## To do
Each line of data below is to be returned exactly, leaving out any picture.

[Start of section]

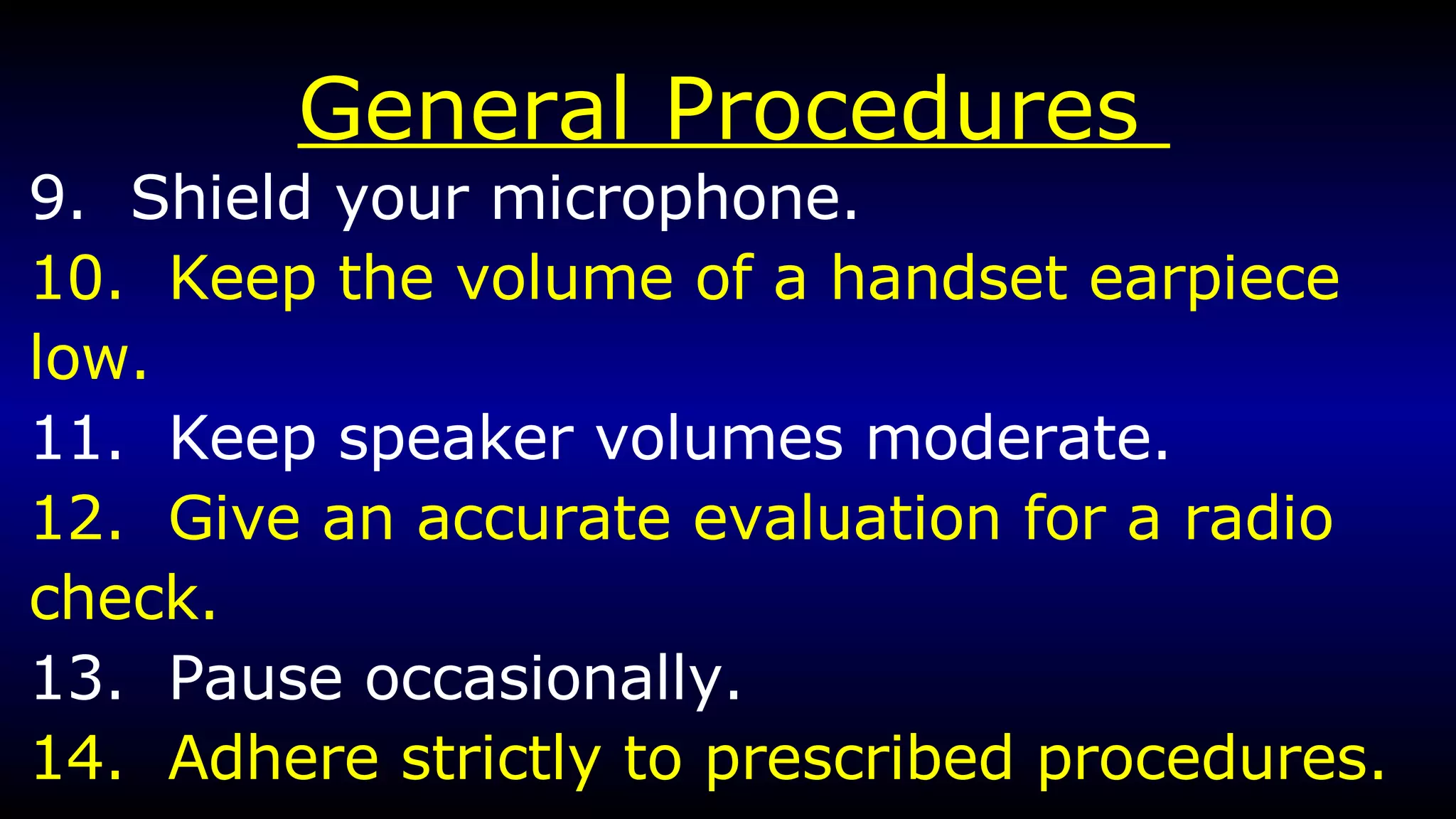 General Procedures  9.  Shield your microphone. 10.  Keep the volume of a handset earpiece low. 11.  Keep speaker volumes moderate. 12.  Give an accurate evaluation for a radio  check. 13.  Pause occasionally. 14.  Adhere strictly to prescribed procedures. 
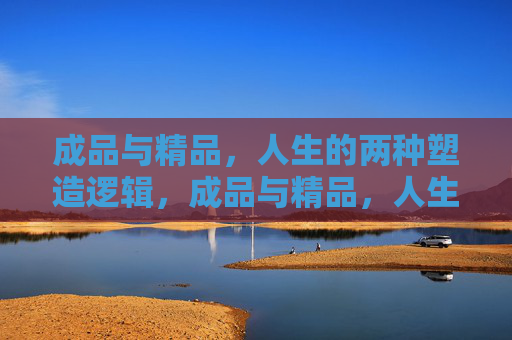 成品与精品,人生的两种塑造逻辑,成品与精品,人生的两种塑造逻辑 成品与精品,人生的两种塑造逻辑,成品与精品,人生的两种塑造逻辑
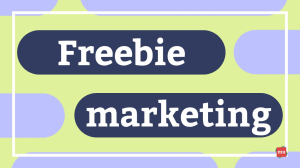 Freebie marketing done right — in 300 words or less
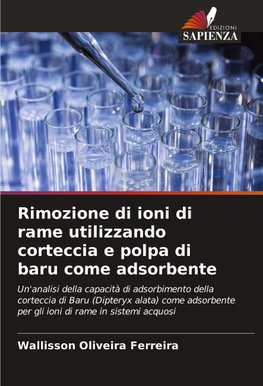 Rimozione di ioni di rame utilizzando corteccia e polpa di baru come adsorbente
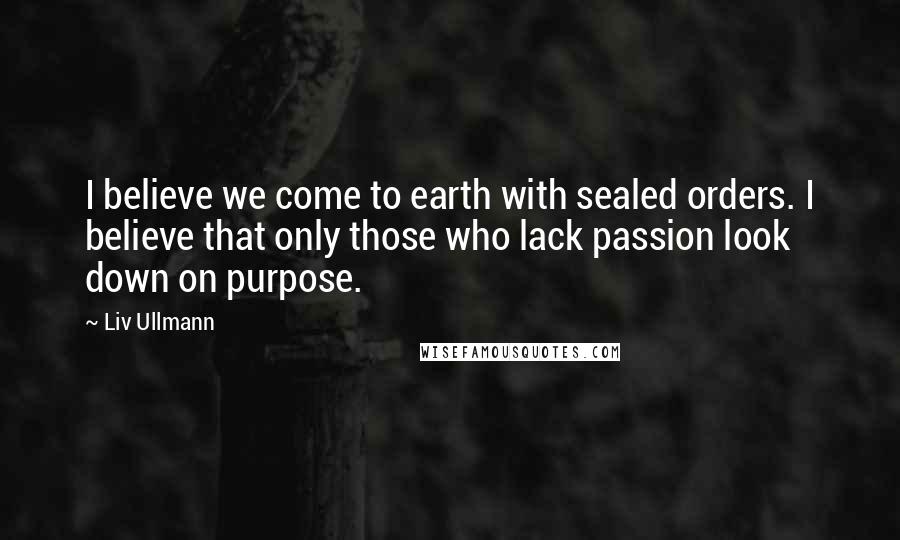 Liv Ullmann Quotes: I believe we come to earth with sealed orders. I believe that only those who lack passion look down on purpose.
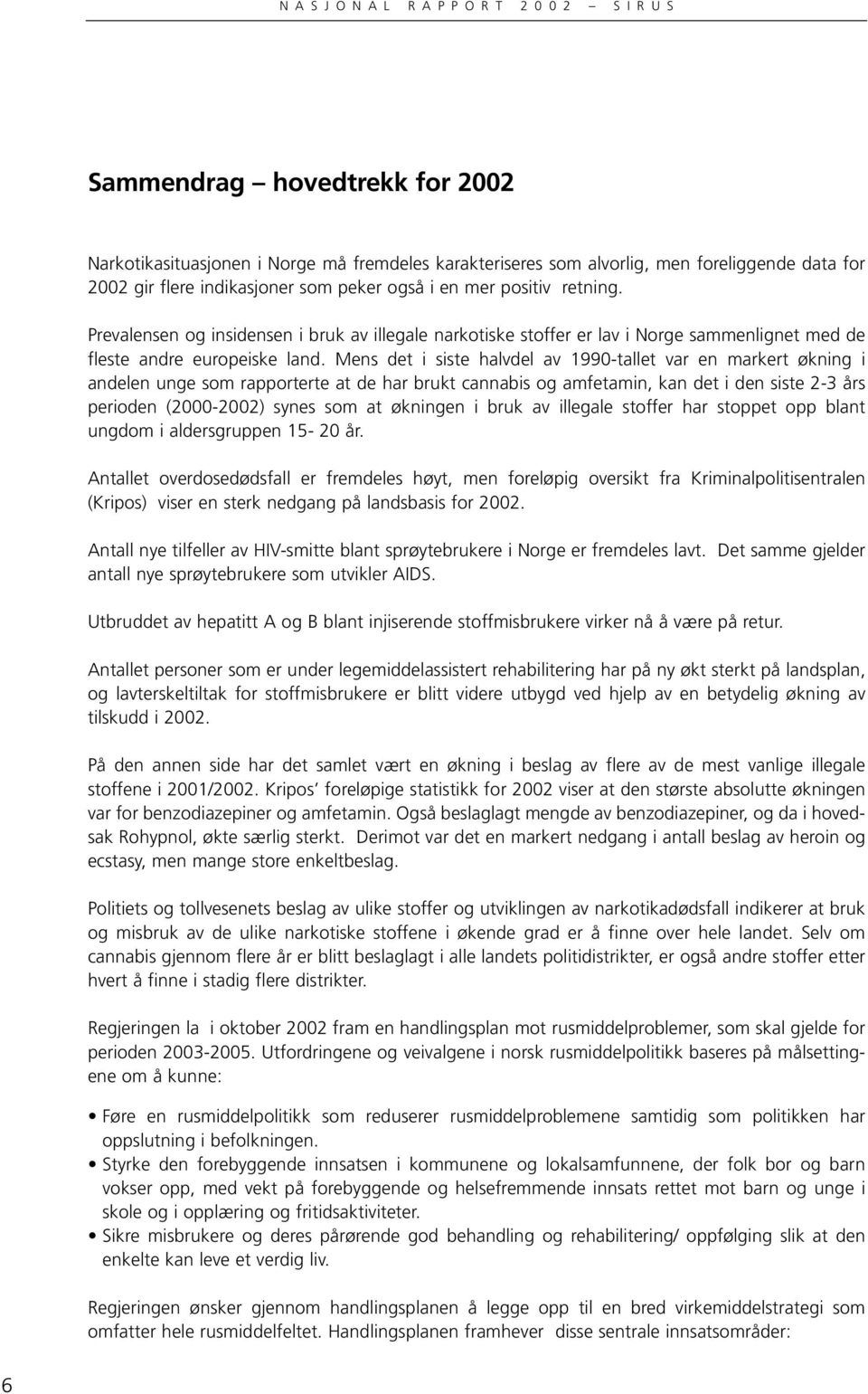 Mens det i siste halvdel av 1990-tallet var en markert økning i andelen unge som rapporterte at de har brukt cannabis og amfetamin, kan det i den siste 2-3 års perioden (2000-2002) synes som at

[End of section]

## Response to this task
 General Procedures  9.  Shield your microphone. 10.  Keep the volume of a handset earpiece low. 11.  Keep speaker volumes moderate. 12.  Give an accurate evaluation for a radio  check. 13.  Pause occasionally. 14.  Adhere strictly to prescribed procedures. 
 成品与精品,人生的两种塑造逻辑,成品与精品,人生的两种塑造逻辑 成品与精品,人生的两种塑造逻辑,成品与精品,人生的两种塑造逻辑
 Freebie marketing done right — in 300 words or less
 Rimozione di ioni di rame utilizzando corteccia e polpa di baru come adsorbente
 Liv Ullmann Quotes: I believe we come to earth with sealed orders. I believe that only those who lack passion look down on purpose.
 Mens det i siste halvdel av 1990-tallet var en markert økning i andelen unge som rapporterte at de har brukt cannabis og amfetamin, kan det i den siste 2-3 års perioden (2000-2002) synes som at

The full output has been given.